Calibration Plate Voltage to Electric Field TF

V_cal refers to the potential difference between the calibration plate and ground.  Ground is connected to the body of the EFM.  The sensor plate is kept isolated and should be at voltage V_sense = V_cal * d2/(d1 + d2) where d1 is the distance between the cal plate and sensor plate, and d2 is the distance between the sensor plate and the body.
If we assume that the electric field E_cal is constant over the entire EFM, then I think we ought to be using the total distance d = d1 + d2 between the calibration plate and body for E_cal = V_cal/d.  

d1 = 1/2 inch = 1.27 cm, and d2 = 5/8 inch = 1.59 cm, so d ~ 2.86 cm and E_cal/V_cal = 1/d ~ 35.0 (V/m)/V using this method.  

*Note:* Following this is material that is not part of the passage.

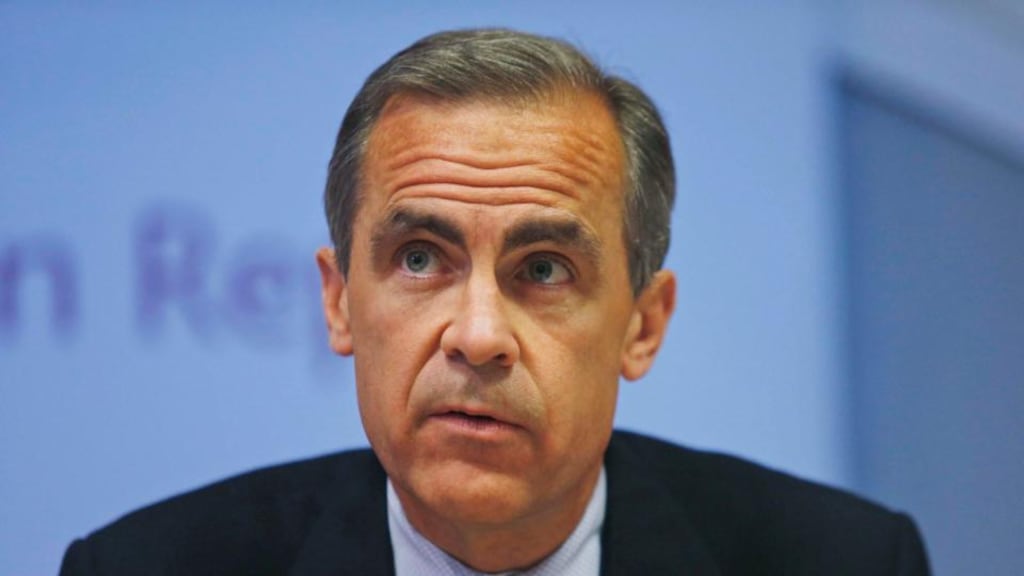 Governor of the Bank of England Mark Carney. Photograph: Lefteris Pitarakis/PA Wire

However, we became concerned about the geometry of the EFM affecting this result.  There is a copper disk which connects the sensor plate to the sensor pin, and there are a bunch of large screws between the sensor plate and the body.  We decided to compute an "effective distance" using the capacitances we measured between the cal and sense plates (~11pF), and the sense plate and the body (~19pF) via
E = Q/(2 A e0), where A is the area of the plates (~0.01 m^2), e0 is the vacuum permittivity, and Q is the charge on the cal plate.  Q = C V, so we can recover
E/V = C/(2 A e0) = 1/d, so our effective distance d = (2 A e0)/C, where C is the total capacitance between the cal plate and the body (~7pF).

Using this method, E/V ~ 38.9 (V/m)/V, not much different than our result from 1/d.  This is the number we used to calibrate from V_cal to E_cal.  I don't know what value was used for the initial prototype.



Differential Amplifier Factor of Two

We did not account for this.  We did not understand that the EFM body was grounded, so that the body absorbs the E_cal field by inducing charge on its near face.  In the presence of a large external electric field both sense plates will have voltage induced, so we will get twice the response from the EFM differential amplifier circuit.

We measured a TF from V_cal to V_out where V_out is the voltage output of the EFM differential amplifier circuit, and got V_out/V_cal ~ 0.8 from 5 kHz down.  This should be multiplied by 2 for the V_out/V_external TF.


Corrected Plots

Plot 1 is the newly calibrated ambient electric field ASDs recorded by the EFM.
Plot 2 is the V_out/V_cal TF.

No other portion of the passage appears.